Palmela C1,2, Chevarin C3, Xu Z4, Torres J1,2, Sevrin G3, Hirten R1, Barnich N3, Ng SC4, Colombel JF1. Gut. 2017 Nov 15. pii: gutjnl-2017-314903. doi: 10.1136/gutjnl-2017-314903. [Epub ahead of print]
Author information

1 Division of Gastroenterology, Icahn School of Medicine at Mount Sinai, New York City, New York, USA.

2 Division of Gastroenterology, Hospital Beatriz Ângelo, Loures, Portugal.

3 Université Clermont Auvergne, Inserm U1071, USC-INRA 2018, M2iSH, CRNH Auvergne, F-63000 Clermont-Ferrand, France.
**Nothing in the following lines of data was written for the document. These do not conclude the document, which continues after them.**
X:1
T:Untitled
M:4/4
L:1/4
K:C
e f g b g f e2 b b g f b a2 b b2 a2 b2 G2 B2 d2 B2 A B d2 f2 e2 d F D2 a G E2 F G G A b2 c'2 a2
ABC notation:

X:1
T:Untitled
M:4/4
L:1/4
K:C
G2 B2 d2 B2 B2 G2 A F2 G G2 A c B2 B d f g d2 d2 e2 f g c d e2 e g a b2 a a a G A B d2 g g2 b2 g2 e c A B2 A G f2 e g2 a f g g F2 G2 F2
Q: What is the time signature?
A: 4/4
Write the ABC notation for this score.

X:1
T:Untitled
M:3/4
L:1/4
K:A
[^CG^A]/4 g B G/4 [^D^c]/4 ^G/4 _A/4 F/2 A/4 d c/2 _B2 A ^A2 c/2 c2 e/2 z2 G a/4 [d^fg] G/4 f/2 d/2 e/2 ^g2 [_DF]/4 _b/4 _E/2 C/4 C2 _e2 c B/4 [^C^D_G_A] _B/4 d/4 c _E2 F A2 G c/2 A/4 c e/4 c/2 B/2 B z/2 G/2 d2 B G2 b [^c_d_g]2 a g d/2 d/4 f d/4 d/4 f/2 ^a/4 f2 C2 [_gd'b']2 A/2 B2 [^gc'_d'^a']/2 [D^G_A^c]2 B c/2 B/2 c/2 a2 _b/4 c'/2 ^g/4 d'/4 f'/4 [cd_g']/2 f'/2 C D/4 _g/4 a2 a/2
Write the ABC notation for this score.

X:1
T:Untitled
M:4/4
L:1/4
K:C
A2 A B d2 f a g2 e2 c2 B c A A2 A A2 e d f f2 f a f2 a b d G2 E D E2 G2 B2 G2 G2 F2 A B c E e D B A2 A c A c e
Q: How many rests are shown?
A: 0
4 Department of Medicine and Therapeutics, Institute of Digestive Diseases, LKS Institute of Health Science, State Key Laboratory of Digestive Disease, The Chinese University of Hong Kong, Hong Kong, China.


Intestinal microbiome dysbiosis has been consistently described in patients with IBD. In the last decades, Escherichia coli, and the adherent-invasive E coli (AIEC) pathotype in particular, has been implicated in the pathogenesis of IBD. Since the discovery of AIEC, two decades ago, progress has been made in unravelling these bacteria characteristics and its interaction with the gut immune system. The mechanisms of adhesion of AIEC to intestinal epithelial cells (via FimH and cell adhesion molecule 6) and its ability to escape autophagy when inside macrophages are reviewed here. We also explore the existing data on the prevalence of AIEC in patients with Crohn's disease and UC, and the association between the presence of AIEC and disease location, activity and postoperative recurrence. Finally, we highlight potential therapeutic strategies targeting AIEC colonisation of gut mucosa, including the use of phage therapy, bacteriocins and antiadhesive molecules. These strategies may open new avenues for the prevention and treatment of IBD in the future.